Thursday, June 23, 2011

where to invest ? what makes up an index

An index provides a measure of the value of a group of stocks.Indices are used extensively to measure change and volatility in areas of economic interest such as currencies, cpi, or unemployment. Stock indices are typically compiled by firms affiliated with the securities industry or exchanges, and are generally developed to mirror the broad market, a foreign market, or specific Sector. An index is monitored or benchmarked against the value at which it was initially set, and will reflect the market or particular industry only to the extent that the underlying issues are representative of that market or a industry.
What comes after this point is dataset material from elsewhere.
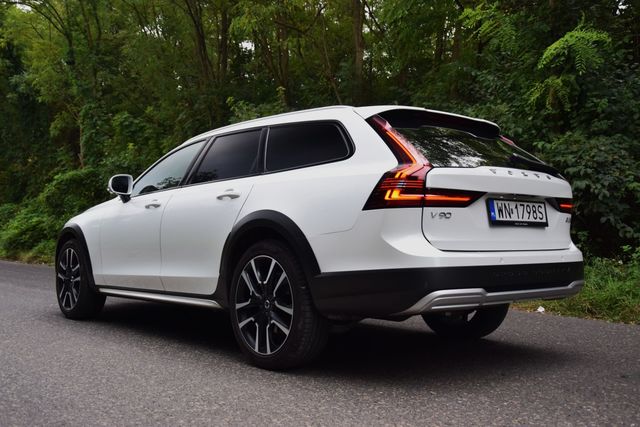 Volvo V90 Cross Country B5 nie ma słabych stron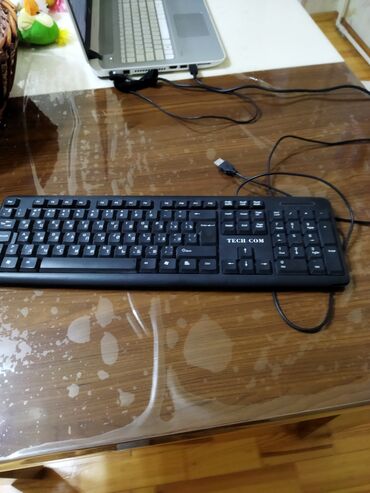ps4 klaviatura: TECH.COM simli tam ölçülü USB klaviatura. az işlənib tam sağlam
The values of the indices on which options are traded are updated and disseminated continuously throughout the trading day on the CBOE.

Investors can obtain real-time values from a broker or through any of the on-line quote systems.Indices are typically calculated as capitalization weighted, modified capitalization weighted, price weighted, or equal-dollar-weighted. In a capitalization weighted (value-weighted) index, the market price of each issue is multiplied by the number of outstanding shares in that issue; the total market capitalization is then divided by the base market divisor to arrive at the index value. In a capitalization-weighted index, the more highly capitalized issues are weighted more heavily than the less capitalized ones, and changes in the stock price of highly capitalized issues have a greater impact on an index's value. Modified capitalization weighted indices are intended to maintain as closely as possible the proportional capitalization distribution of a portfolio of stocks, while limiting the maximum weight for a single stock or group of stocks to a predetermined maximum. This rebalancing is accomplished by occasionally artificially reducing the capitalization of higher weighted stocks and redistributing the weight to lower weighted stocks. The net result is a weight distribution that is less skewed toward the larger stocks, but still does not approach equal weighting. The total capitalization of the portfolio remains the same.Price weighted indices are calculated by adding the prices of the component stocks and dividing by the base market divisor, without any regard to capitalization. Typically, the higher priced and more volatile constituent issues will exert a greater influence over the movement of a price weighted index. Equal dollar weighted indices assign equivalent influence to each component stock by representing them in approximate equal dollar amounts. These indices are rebalanced once per quarter to ensure that the components continue to have equal influence.